When the max_mapped number of pages has been found in the page cache,
swap_out() (See Figure 11.4) is called to start
swapping out process pages. Starting from the mm pointed to by swap_mm
and the address mmswap_address, the page tables are
searched forward until nr_pages have been freed.
All pages are examined regardless of where they are in the lists or when they were last referenced but pages which are part of the active_list or have been recently referenced will be skipped over. The examination of hot pages is a bit costly but nothing in comparison to linearly searching all processes for the PTE's that reference a particular struct page.
Once it has been decided to swap out pages from a process, an attempt will be made to swap out at least SWAP_CLUSTER number of pages and the full list of mm_struct's will only be examined once so avoid constant looping when no pages are available. Writing out the pages in bulk like this increases the chance that pages close together in the process address space will be written out to adjacent slots on disk.
swap_mm is initialised to point to init_mm and the swap_address is initialised to 0 the first time it is used. A task has been fully searched when the swap_address is equal to TASK_SIZE. Once a task has been selected to swap pages from, the reference count to the mm_struct is incremented so that it will not be freed early and swap_out_mm is called with the selected mm as a parameter. This function walks each VMA the process holds and calls swap_out_vma for it. This is to avoid having to walk the entire page table which will be largely sparse. swap_out_pgd() and swap_out_pmd() walk the page tables for given VMA until finally try_to_swap_out() is called on the actual page and PTE.

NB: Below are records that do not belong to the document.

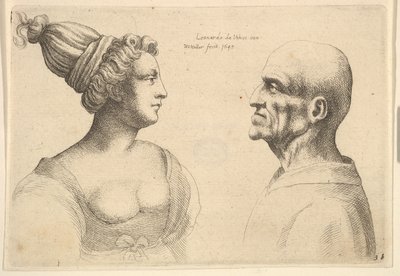 Uma mulher com cabelos amarrados para trás e um careca de frente para o outro, 1645. de Wenceslaus Hollar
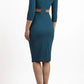 Jemima Colour Block Dress (Petrol Teal & Camel)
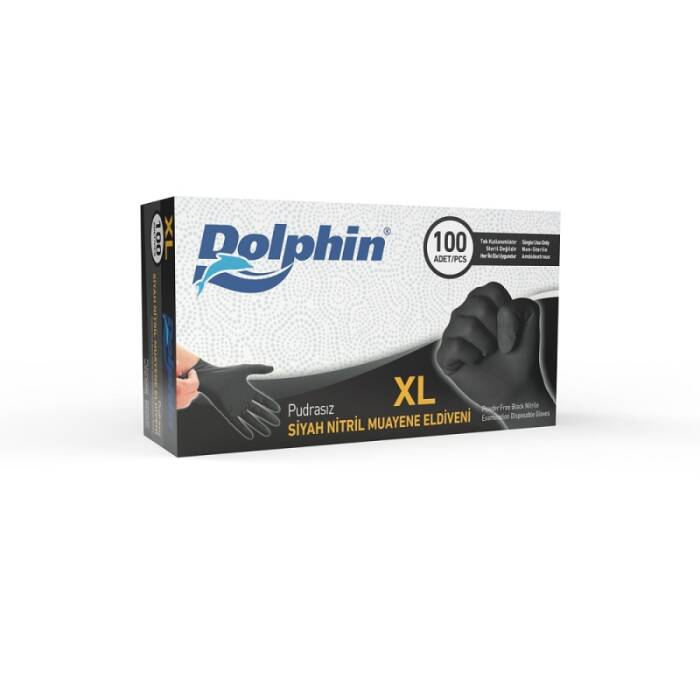 Dolphin Siyah Çok Amaçlı Nitril Muayene Eldiveni XL Beden 100 Adet -MDR - 1
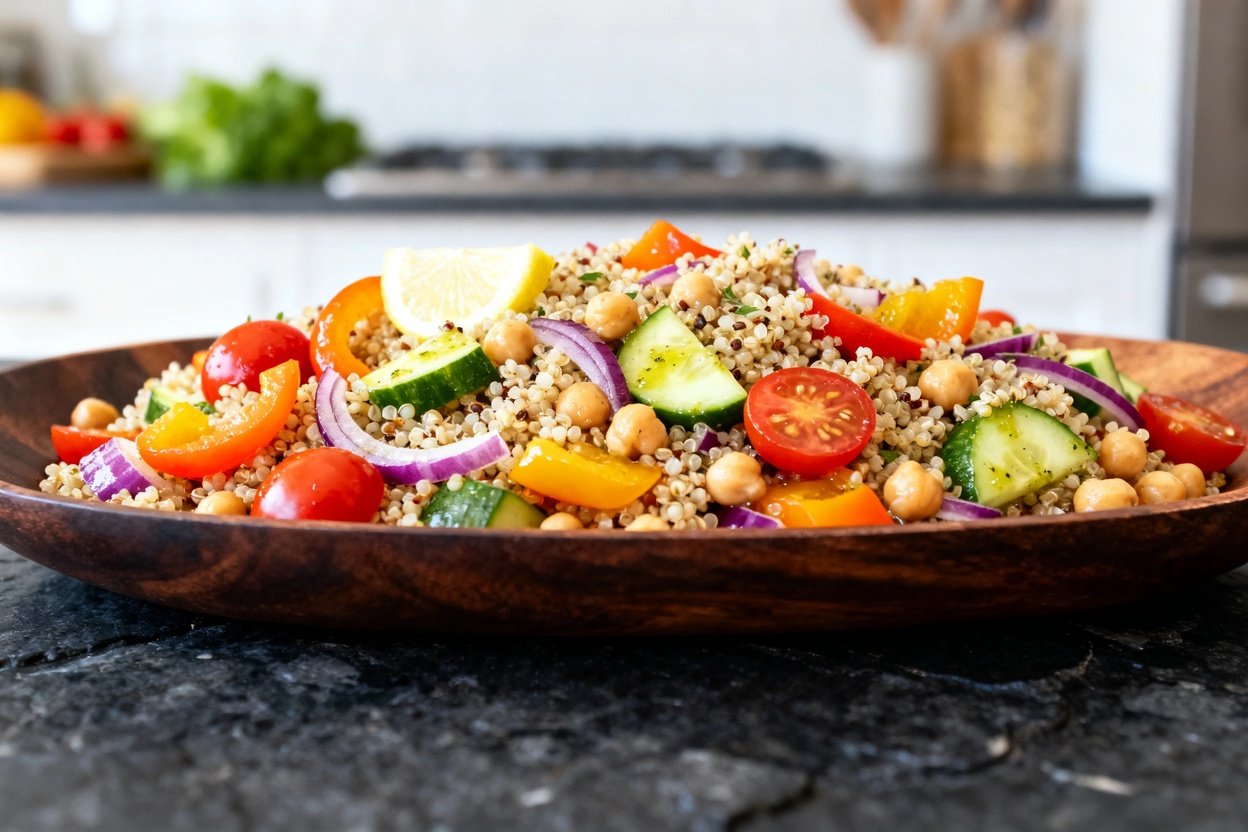 Quinoa salad featuring bell peppers, cherry tomatoes, cucumbers, red onion, and chickpeas, tossed in a flavorful dressing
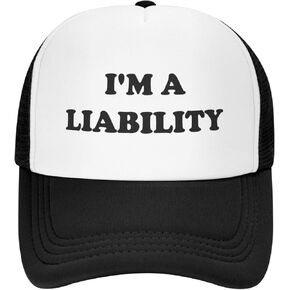 قبعة I'm A Liability Hat، قبعات سائقي الشاحنات المضحكة، قبعة صيد كلاسيكية قابلة للتعديل للرجال والنساء باللون الأسود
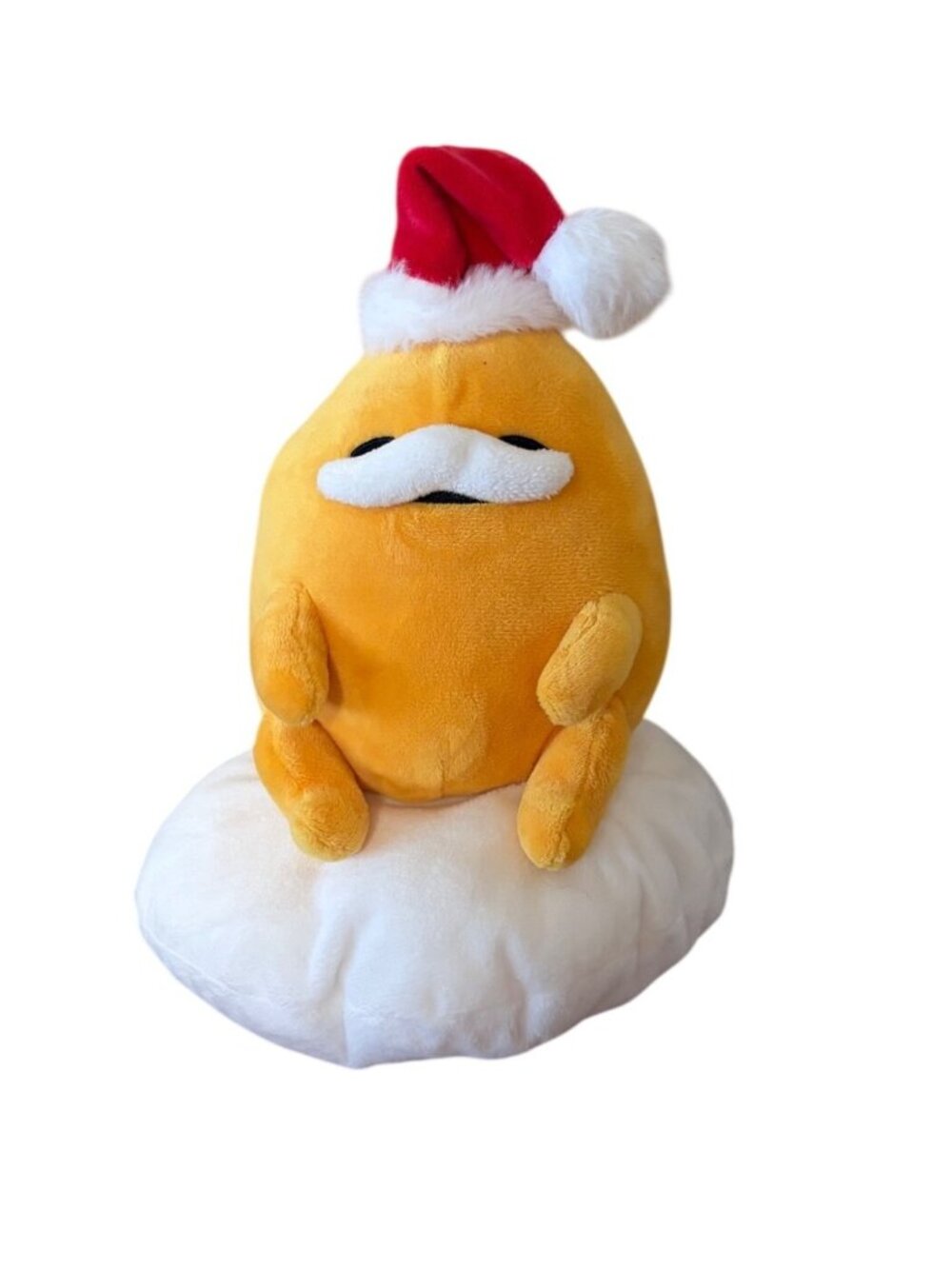 Gudetama Plush Stuffed Animal Doll Toy Santa Hat mushtache Egg 9.5 in tall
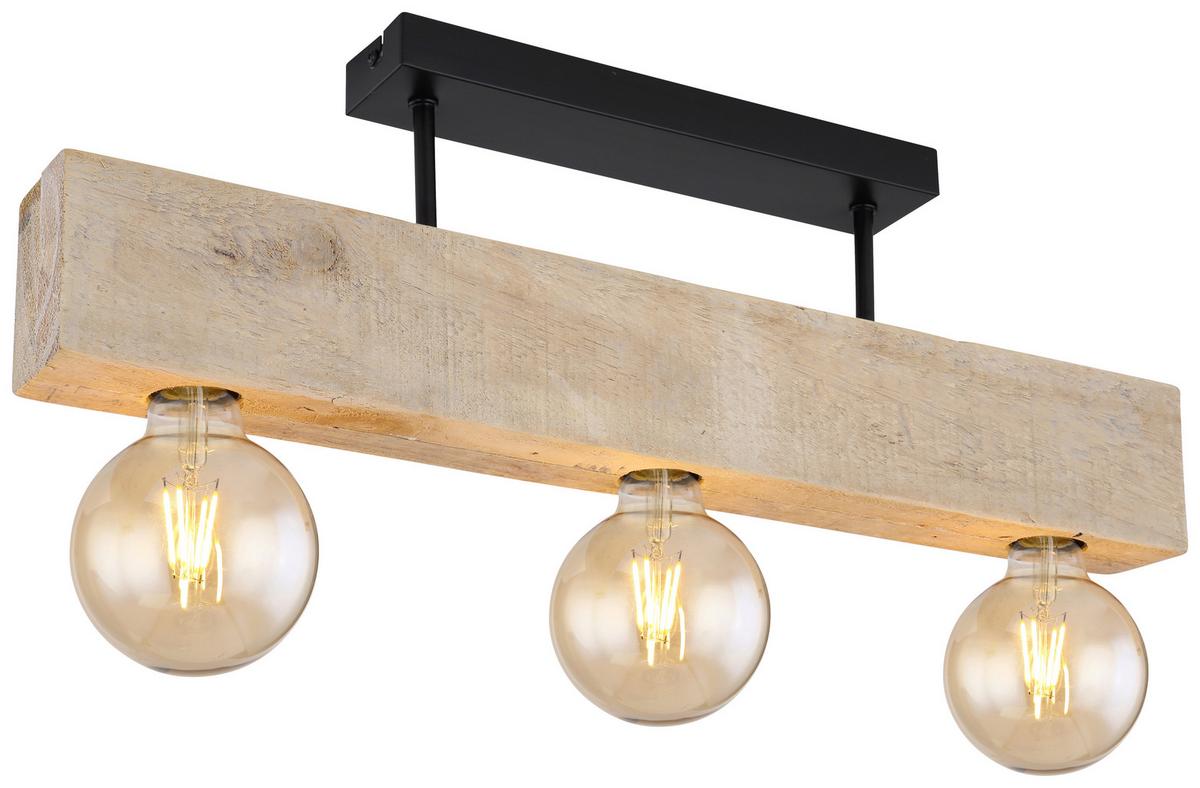 Deckenleuchte Adalie L: 60 Cm - Dunkelbraun/Schwarz, Natur, Holz/Metall (60/6/19cm) - Globo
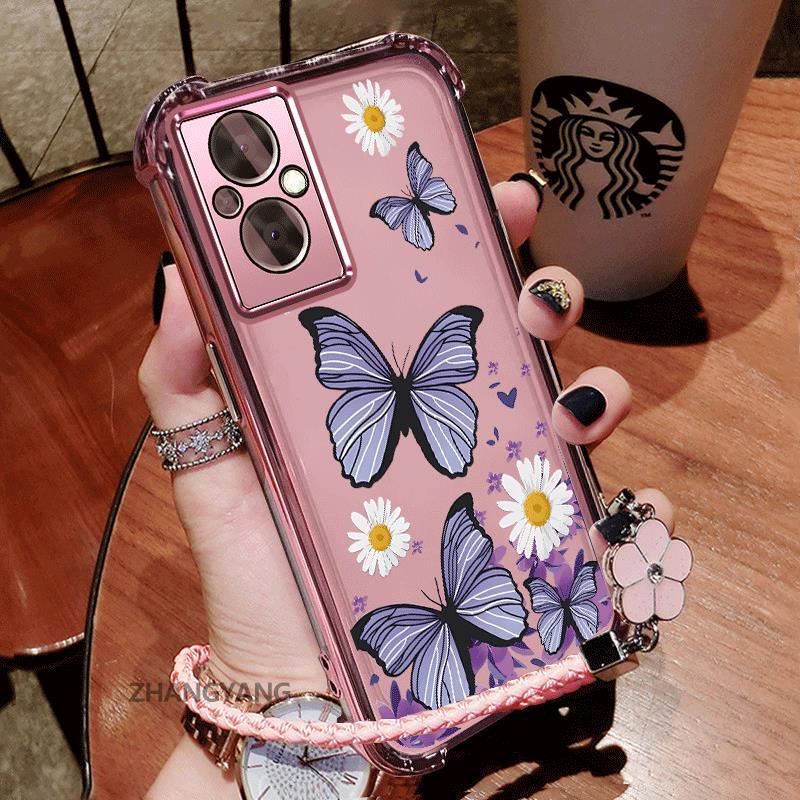 Ốp Lưng Cho OPPO RENO 7Z 5G RENO 8Z 5G Vỏ Điện Thoại Chống Sốc Bốn Góc Mạ Điện Thẩm Mỹ Thiết Kế Mới Của Dây Tay Họa Tiết Bướm Vỏ Mềm TPU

try_to_swap_out() first checks to make sure the page isn't part of the active_list, been recently referenced or part of a zone that we are not interested in. Once it has been established this is a page to be swapped out, it is removed from the page tables of the process and further work is performed. It is at this point the PTE is checked to see if it is dirty. If it is, the struct page flags will be updated to reflect that so that it will get laundered. Pages with buffers are not handled further as they can not be swapped out to backing storage so the PTE for the process is simply established again and the page will be flushed later.
If this is the first time the page has been swapped, a swap entry is allocated for it with get_swap_page() and the page is added to the swap cache. If the page is already part of the swap cache, the reference to it in the current process will be simply dropped, when it reaches 0, the page will be freed. Once in the swap cache, the PTE in the process page tables will be updated with the information needed to get the page from swap again. This is important because it means the PTE's for a process can never be swapped out or discarded.